About this exercise: Where the records below begin, start copying, and stop after the line that contains "Capa do artigo Bluejacket'S Manual"; reproduce every line exactly but omit pictures.

***** Source information *****

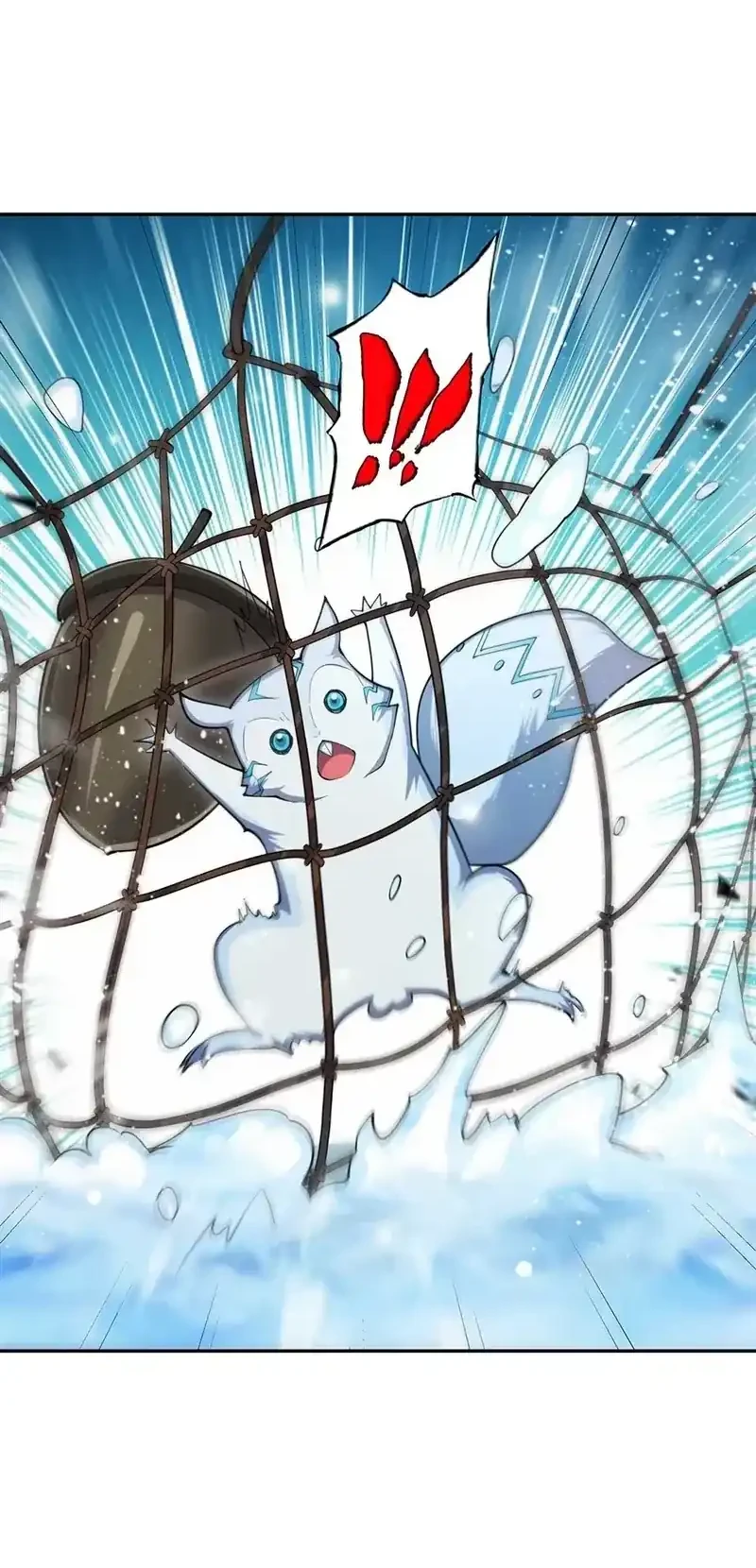 None of These Witches Are Serious Chapter 11 Gambar 9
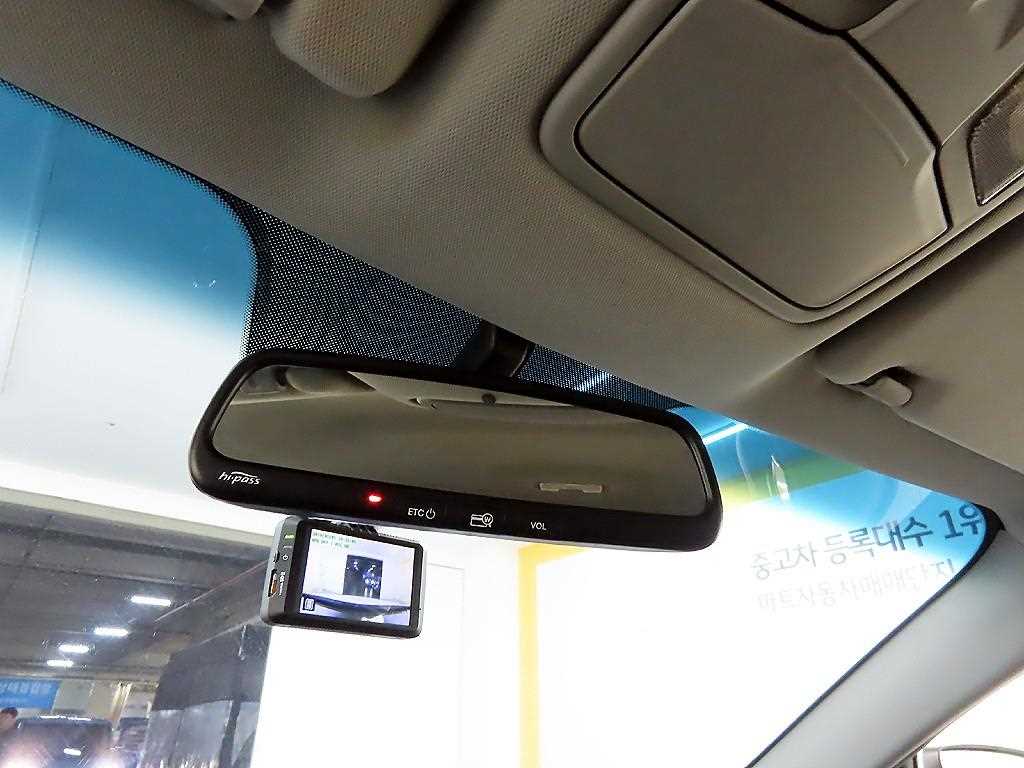 KIA K5 2011 Blanco - Importación desde Corea - HF Imports Iquique - Foto 18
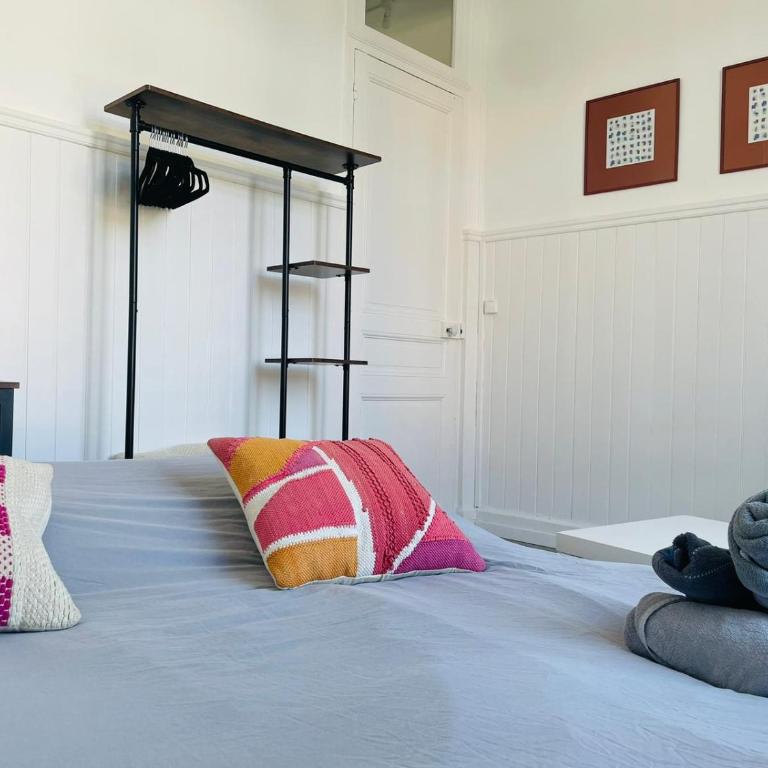 Studio Cosy & Moderne - 445 - Studio - 3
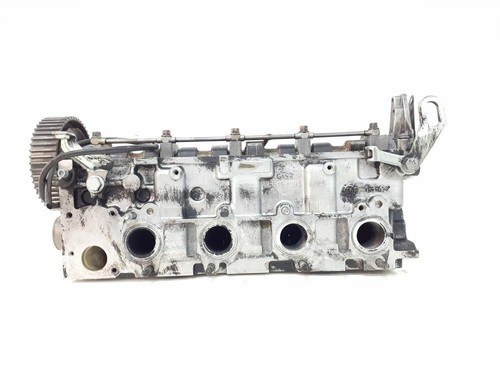 Testata motore fiat croma - fiat,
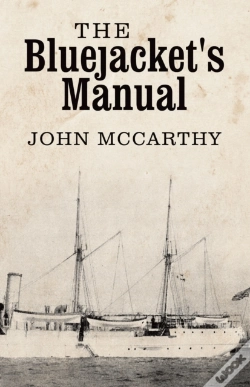 Capa do artigo Bluejacket'S Manual
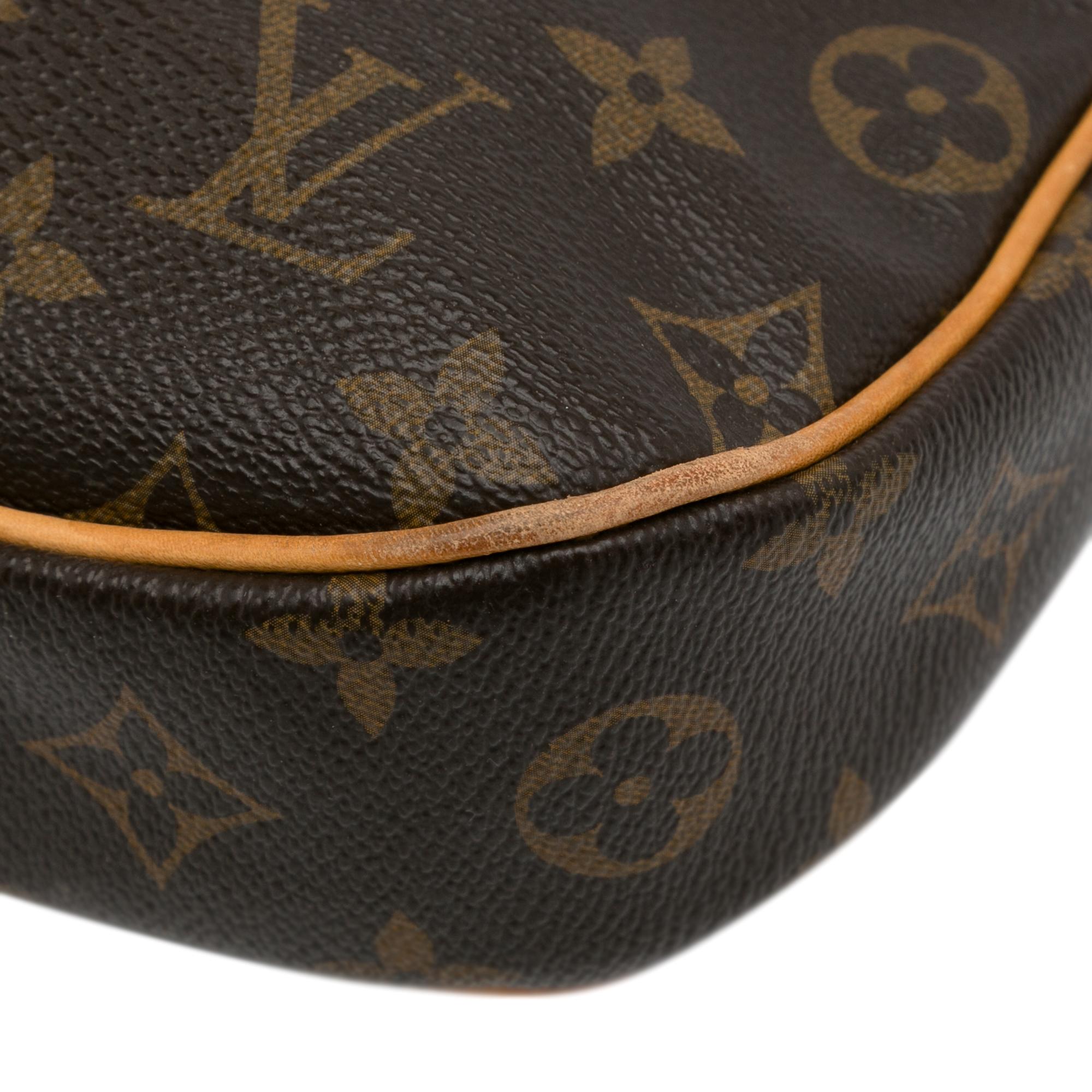 Louis Vuitton Monogram Odeon PM (SHG-n8iDYP)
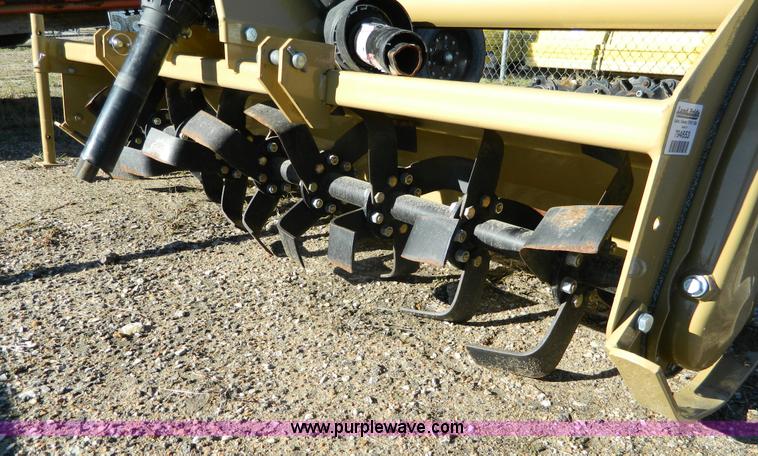 image for item BT9798 Land Pride RTA1274 tiller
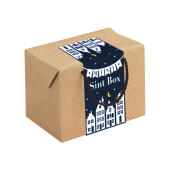 Mini Sintbox Mini Sintbox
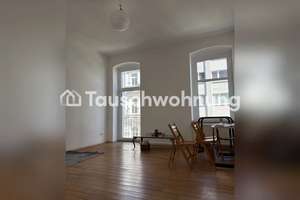 Tauschwohnung: Wunderschöne 3Z Altbauwohnung Düsseldorf Lorettoviertel – Die vollständige Adresse der Immobilie erhältst du vom Anbieter., 40219 Unterbilk, Düsseldorf – Vorschaubild 5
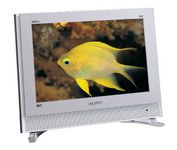 Samsung LTN223W 22 in. LCD Television
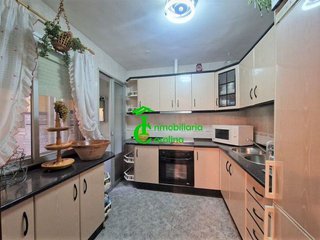 Casa adosada en venta en Carolina (La)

*****

Answer:
 None of These Witches Are Serious Chapter 11 Gambar 9
 KIA K5 2011 Blanco - Importación desde Corea - HF Imports Iquique - Foto 18
 Studio Cosy & Moderne - 445 - Studio - 3
 Testata motore fiat croma - fiat,
 Capa do artigo Bluejacket'S Manual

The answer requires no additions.